Yes, we do hear that often! It's horrible.
I wonder if your statement just comes with maturity,'cause young mothers think they DO know it all! LIke they've "arrived" since they have given birth. And yes, we CNBC'er do feel they've lost brain cells or the sense to communicate with their 'old friends' who have not given birth. Can't ya'll hold an adult conversation without talking about kids???
IT's a very hard road for us. We feel like 'freaks of nature', getting the ol' "one eye-lid up" look...like we hated kids and we did not want them!
My goal is to educate that not ALL women have the pleasure of conceiving, feeling a baby (miracle) move within her, give birth and share that time with their loving husband.
It's a dream that never goes away since the time we were all raised/programmed with 'First comes love, then comes marriage, then comes ______with the baby carriage"!
As I was growing up, I never even was aware that there just may be a woman in the world who was CNBC. Not a CLUE,until it happened to me at age 36!

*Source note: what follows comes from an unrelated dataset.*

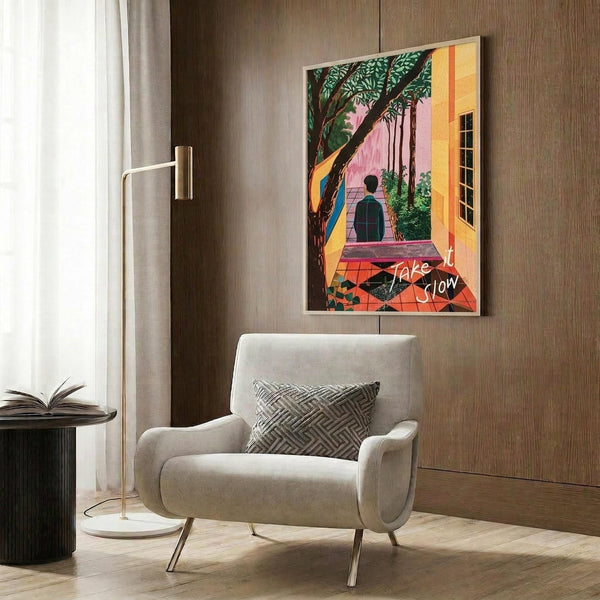 May include: Colorful poster print hanging on wood-paneled wall above beige upholstered armchair with geometric pillow. Artwork shows figure walking up steps through tropical garden scene with large tree, bright yellow and pink buildings, decorative tilework, and red script text overlay. Modern reading nook setting with brass floor lamp and side table.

We want others to NOT ASK personal questions; in our minds (and yes, they are very different and can be bitter), when one asks IF a woman has children, it gets "into our bedroom scene" and is very, very personal and can be hurtful. If someone wants to share about their blessings, great. But, please don't ask everyone you meet! It could be one of us sensitive ones. We just HATE that question anymore.
It is not something we can 'get over'. For me, I'll forever be saddened by the fact that I was not able to experience 'it all'. Yes, I do have a full life, but i've had to MAKE it full FOR MYSELF ONLY.
Sharing stories of a daughter's first boyfriend, prom, prom dress, engagement, shower, wedding, grandchild will never be in my life. I live all of this in my dreams..but it will never be a reality.
Try imagining not talking about your children/grandchildren AT ALL for two weeks straight. That is how our lives are. Yes, we are busy...but we don't LIKE it.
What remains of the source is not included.